SUPPLIED ENTRIES -
======

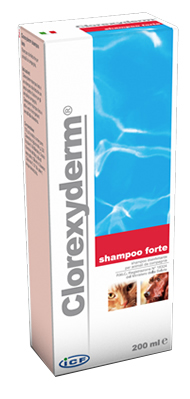 CLOREXYDERM SHAMPOO FORTE 200 ML - Farmaunclick.it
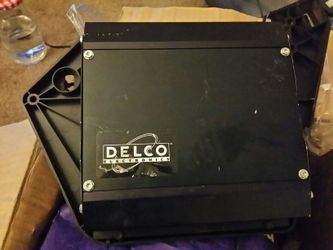 Camaro stock amplifier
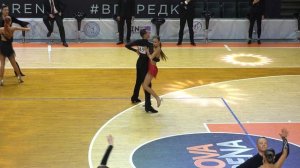 Кубок Губернатора Санкт-Петербурга по бальным танцам 21.04.2023 (Любовь Маслюк и Иван Букарев)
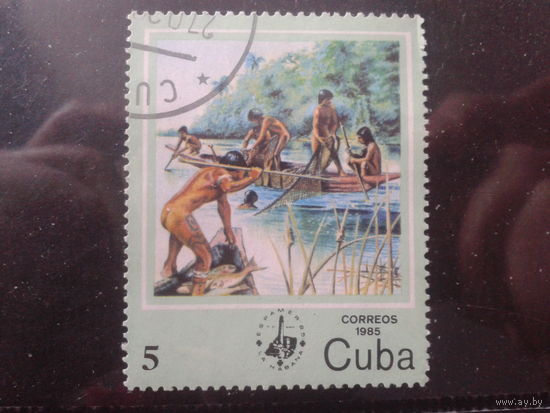 Куба 1985 Рыбная ловля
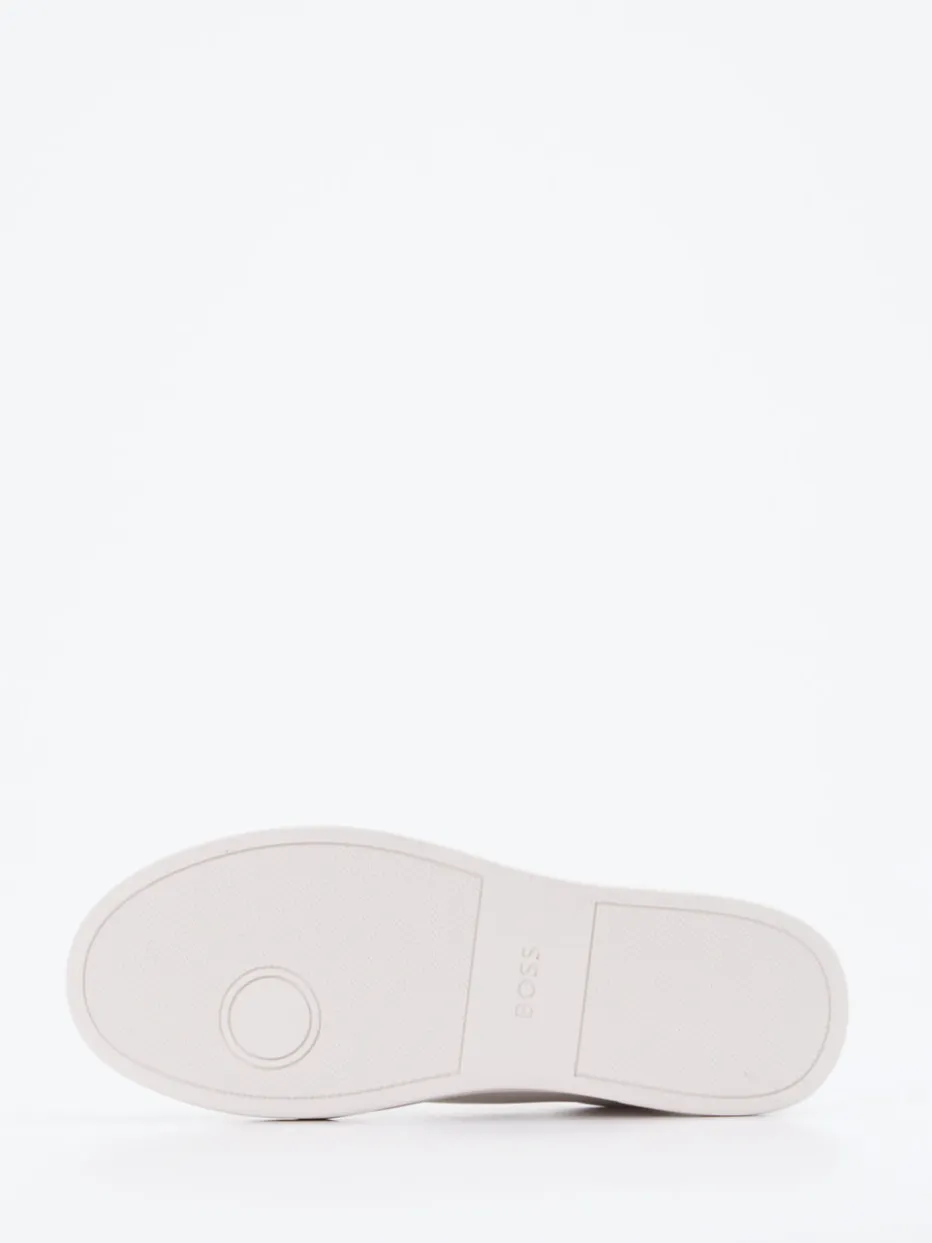 Damen Boss – Sneaker aus Kalbleder in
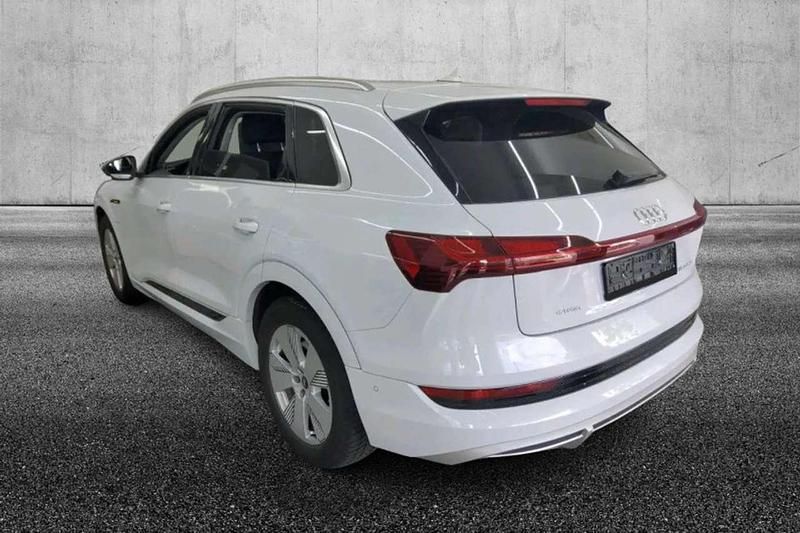 Usata Audi e-tron S-Line 158 kW (215 CV) 2022 Bianco SUV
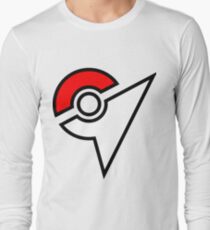 Pokemon Symbol Long Sleeve T-Shirt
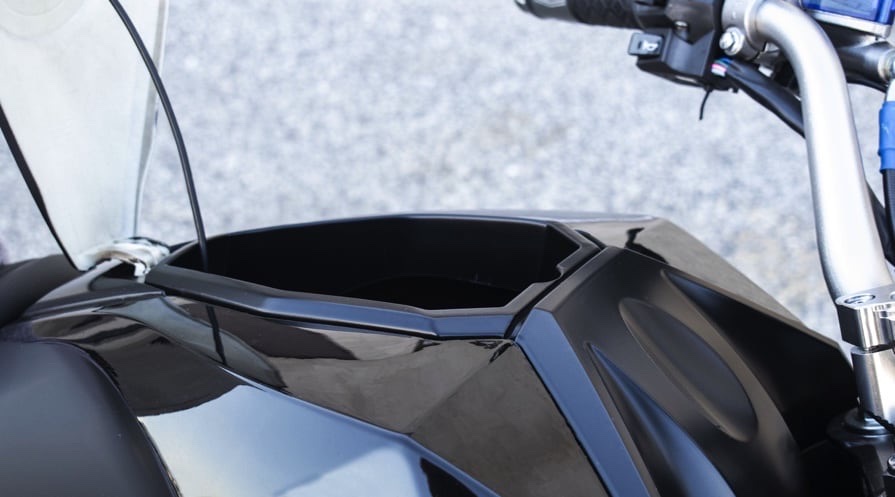 Emmo Kamen electric motorcycle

======

WHAT YOU WILL DO - Please copy the lines above exactly as written, apart from any pictures.

ANSWER TO THE PROBLEM -
 CLOREXYDERM SHAMPOO FORTE 200 ML - Farmaunclick.it
 Camaro stock amplifier
 Кубок Губернатора Санкт-Петербурга по бальным танцам 21.04.2023 (Любовь Маслюк и Иван Букарев)
 Куба 1985 Рыбная ловля
 Damen Boss – Sneaker aus Kalbleder in
 Usata Audi e-tron S-Line 158 kW (215 CV) 2022 Bianco SUV
 Pokemon Symbol Long Sleeve T-Shirt
 Emmo Kamen electric motorcycle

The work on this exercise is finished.